A diversidade encontrada nas raças domésticas ao nível do gene MC1R foi relativamente elevada, o que está de acordo com os inúmeros cruzamentos que foram efectuados entres as raças portuguesas e importadas. Este facto é mais evidente na raça Bísara pois, a par desta variabilidade genética está também uma imensa variedade fenotípica no que respeita à pigmentação. Os animais desta raça podem ser inteiramente brancos, malhados, ou apresentar pelagem preta com uma cinta branca que atravessa os ombros e os membros dianteiros, um fenótipo muito semelhante ao da raça Hampshire. Apesar desta semelhança, o porco Bísaro não partilha com esta raça o alelo do gene KIT responsável por este fenótipo, levantando a hipótese de esta ser uma característica geneticamente heterogénea. Já o alelo Dominant White, deste mesmo gene, foi encontrado na raça Bísara com uma frequência de 0,12, um facto concordante com a observação de animais inteiramente brancos. Encontraram-se nesta raça evidências de introgressão de DNA nuclear de origem asiática.

Na raça Alentejana, apesar de se terem identificado vários alelos ao nível do gene MC1R, a forte selecção a que tem sido sujeita, no sentido de conservar a sua coloração característica, não se traduz numa diversidade fenotípica. De uma forma geral, talvez devido ao facto de não ter sido submetida a cruzamentos tão intensos com raças importadas, o porco Alentejano apresenta níveis de variabilidade genética inferiores aos detectados no Bísaro.
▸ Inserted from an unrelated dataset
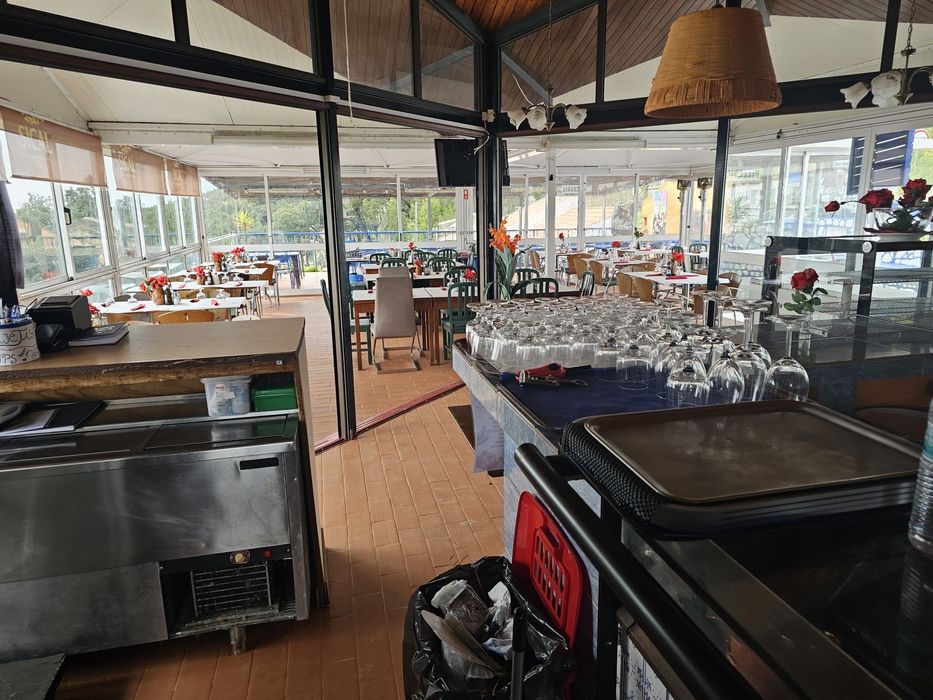 Restaurante pizzaria.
As evidências da ocorrência de hibridação entre javalis e porcos domésticos foram escassas. Isto porque, por um lado, o cruzamento entre fêmeas selvagens e machos domésticos é improvável e, por outro, o número de indivíduos utilizado no estudo dos genes nucleares foi reduzido. Não se pode rejeitar contudo, a hipótese de os animais selvagens onde se identificaram os haplótipos mitocondriais partilhados com as raças domésticas se tratarem de porcos ferais, um problema relativamente vulgar numa série de países Europeus.